Back then, the public hated the idea of a central bank. The ghost of Andrew Jackson still lingered over the American mind, and rightly so. Jackson had torn down the Second Bank of the U.S. in the 1830s, calling it a “monster” of corruption and elitism. But that didn’t stop Wilson and the banking elite from passing the Federal Reserve Act in the dead of night.
Officially, the Fed was created to provide “liquidity” and “stability” to the financial system, especially after the Panic of 1907, when the U.S. Treasury had to beg J.P. Morgan for a gold loan to stay afloat.
But as the article shows, those high-minded goals evaporated when World War I broke out. Suddenly, the Fed became an instrument of credit expansion on a scale never seen before in U.S. history.
And not just for the U.S. government. The Fed greenlit massive loans to Britain and France before America had even entered the war. These weren't humanitarian gestures — they were commercial transactions, backed by bonds, interest, and long-term consequences.
It’s easy to forget that war is profitable — for the right people. While Europe burned, American manufacturers and banks made a killing. Weapons, food, oil, steel, uniforms — all of it was sold, financed, and shipped under the protection of U.S. neutrality (for a while).

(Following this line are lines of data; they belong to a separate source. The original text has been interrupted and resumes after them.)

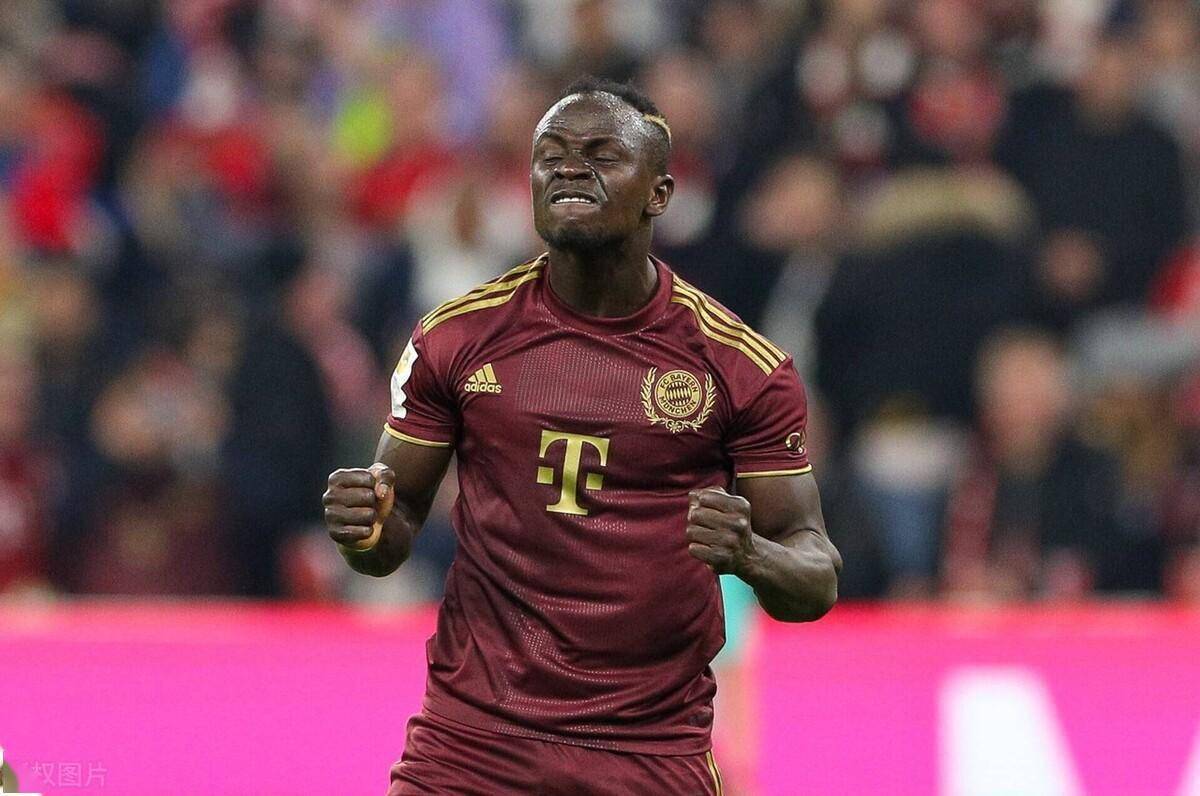 皇冠体育-包含这也行？夏洛特黄蜂遗憾出局备战全明星赛广东宏远止住颓势备战德甲，上海申花围绕欧超杯远射贴柱的词条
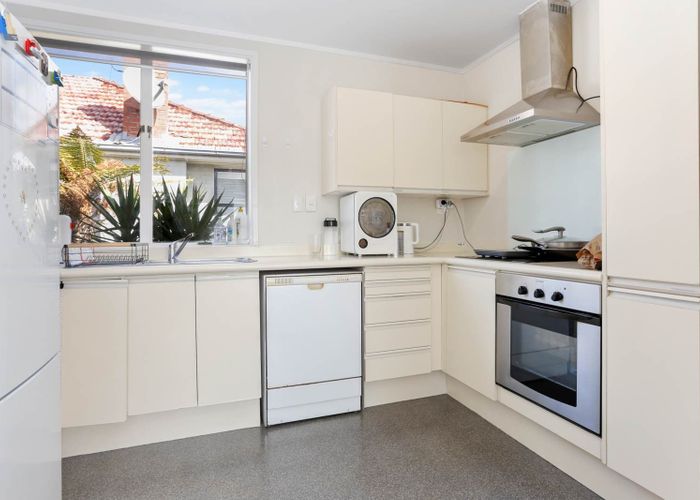  at 2/166 St Andrews Road, Epsom, Auckland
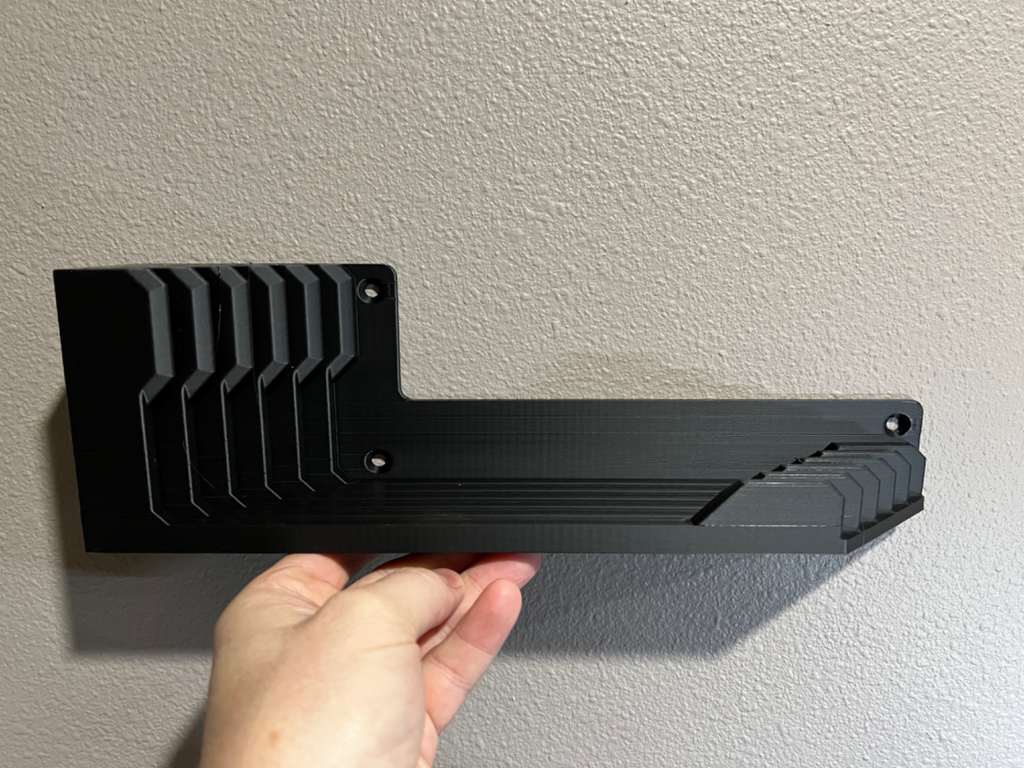 Wall or desk mountable build plate holder for Bambu plates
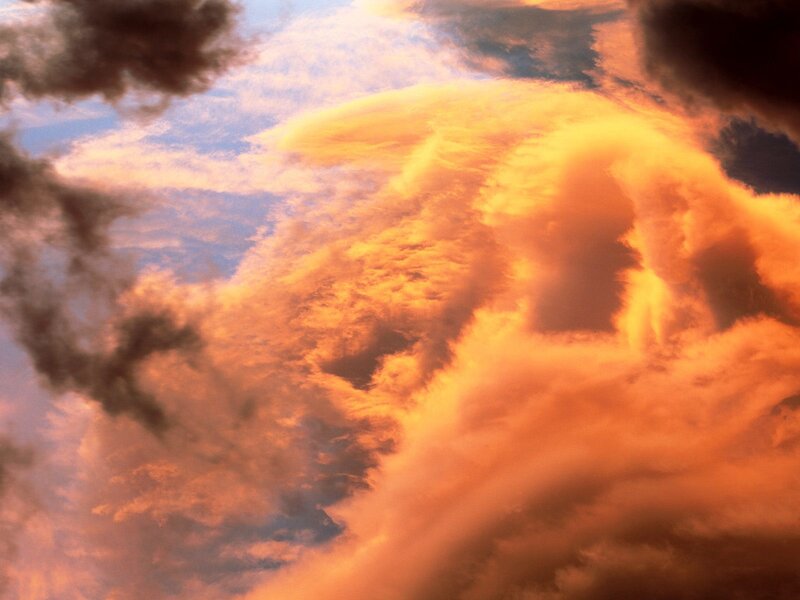 Clouds at Sunset — Dramatic, Sunlight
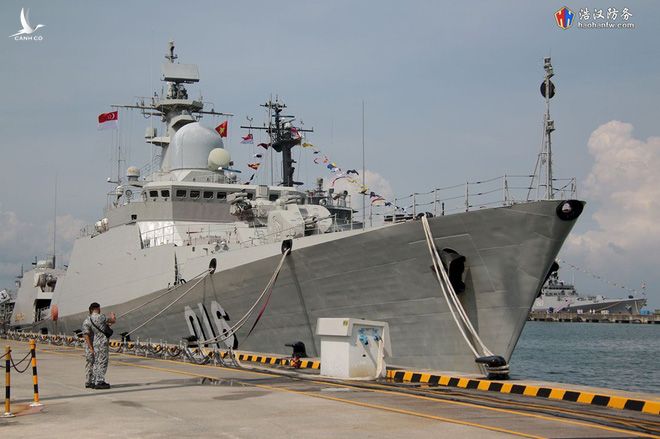 Sự xuất hiện của Tàu 016-Quang Trung cũng dành được sự chú ý đặc biệt của các phóng viên ảnh quốc tế có mặt tại tại Changi, Singapore, đối với họ đây là cơ hội tốt để tìm hiểu về một trong những tàu chiến có thể xem là mạnh nhất nhì ở khu vực Đông Nam Á. Ảnh: haohanfwa.com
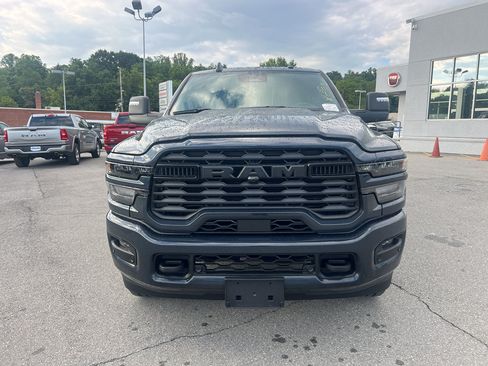 Used 2026 RAM 2500 Big Horn AWD/4WD image 2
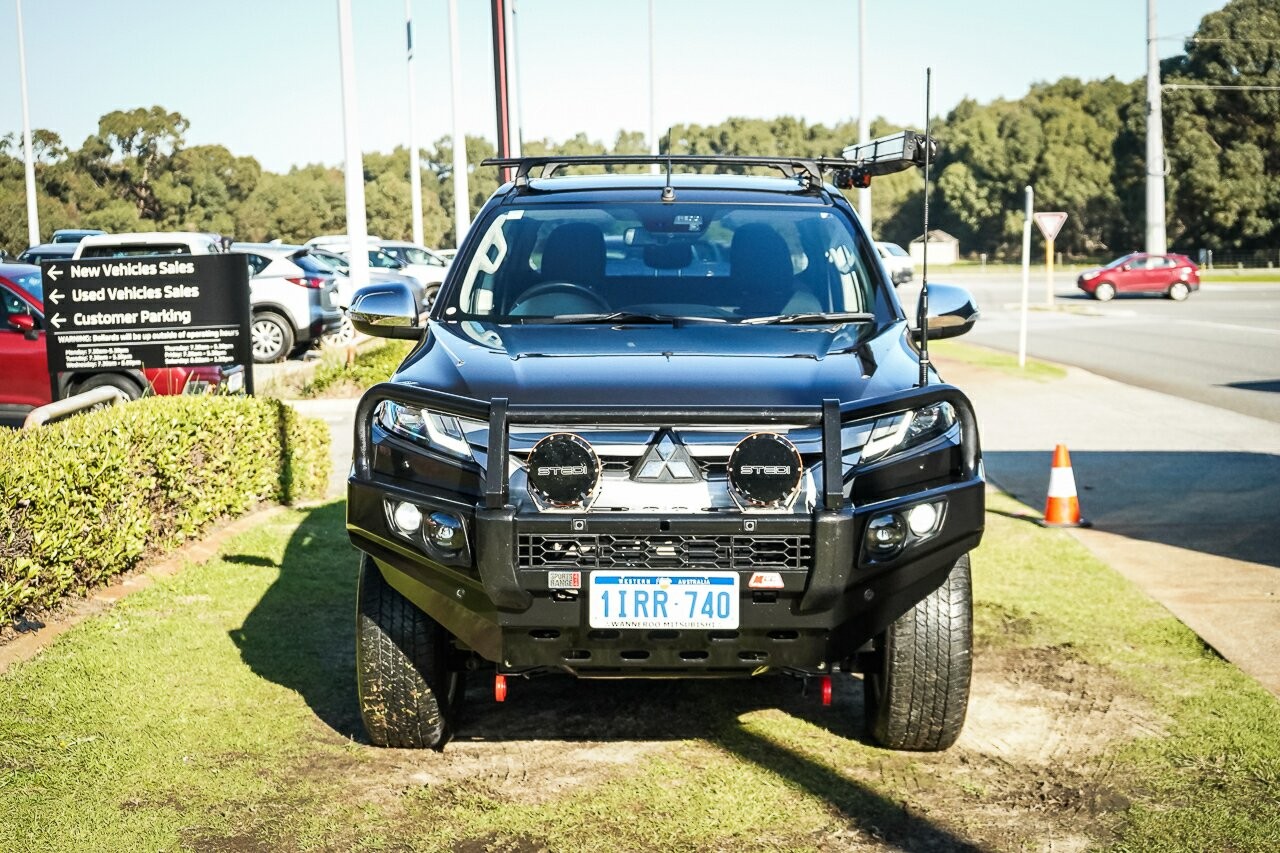Mitsubishi Triton image 2
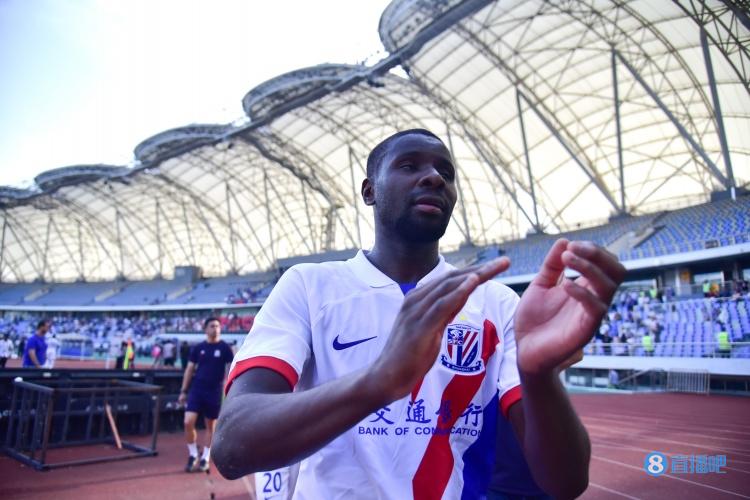 记者：阿马杜有小伤缺席昨日训练，马莱莱开始在场地康复训练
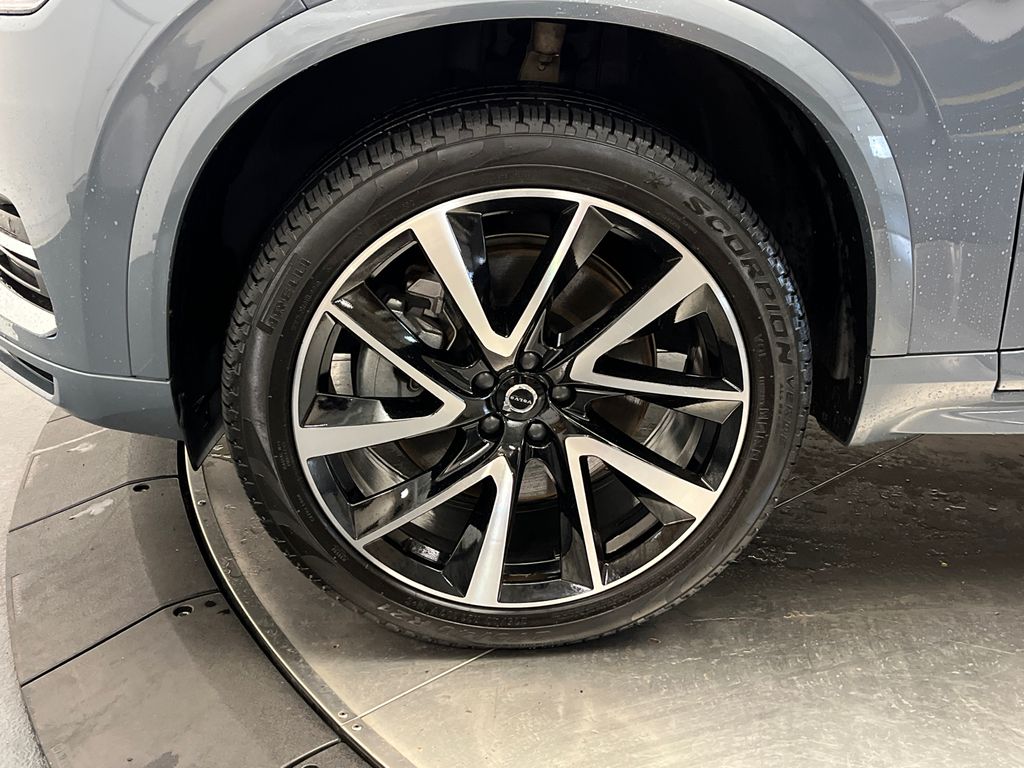 2022 Volvo XC90 T8 Inscription 10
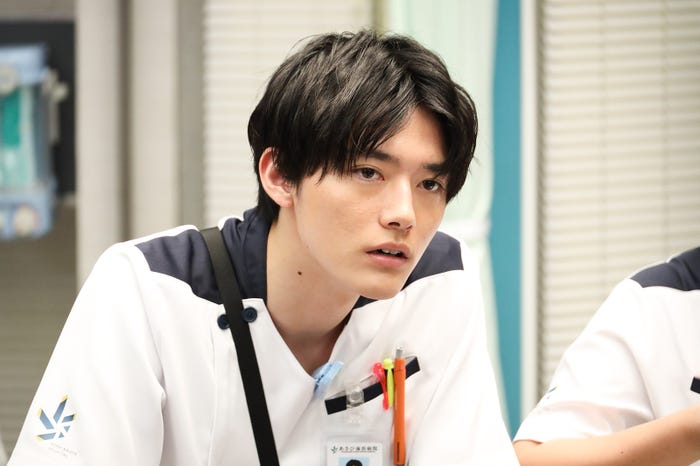 櫻井海斗「ナイト・ドクター」第1話より(C)フジテレビ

When Britain and France couldn’t pay cash anymore, they turned to credit. And when private lenders hesitated, the Fed stepped in to guarantee loans and grease the wheels. It was a textbook case of war socialism backed by central banking — profits were privatized, risk was socialized.
President Wilson didn’t object. In fact, he enabled it. He allowed American bankers to issue billions in credit to foreign governments — credit underwritten by the newly empowered Federal Reserve. And eventually, as Bovard and others have noted, Wilson used the debt entanglement as justification to bring America directly into the war. After all, once you've loaned a nation billions, you’re “invested” in their victory.
Once the U.S. entered the war in 1917, the Fed shifted from backing foreign debt to engineering America’s own massive borrowing program. This came in the form of Liberty Bonds — the original patriotic debt hustle.
Millions of Americans bought these bonds under pressure, fear, or coercion. Schools, churches, newspapers, even Hollywood pushed the bond-buying narrative. “If you don’t buy a Liberty Bond, you’re helping the Kaiser,” they said.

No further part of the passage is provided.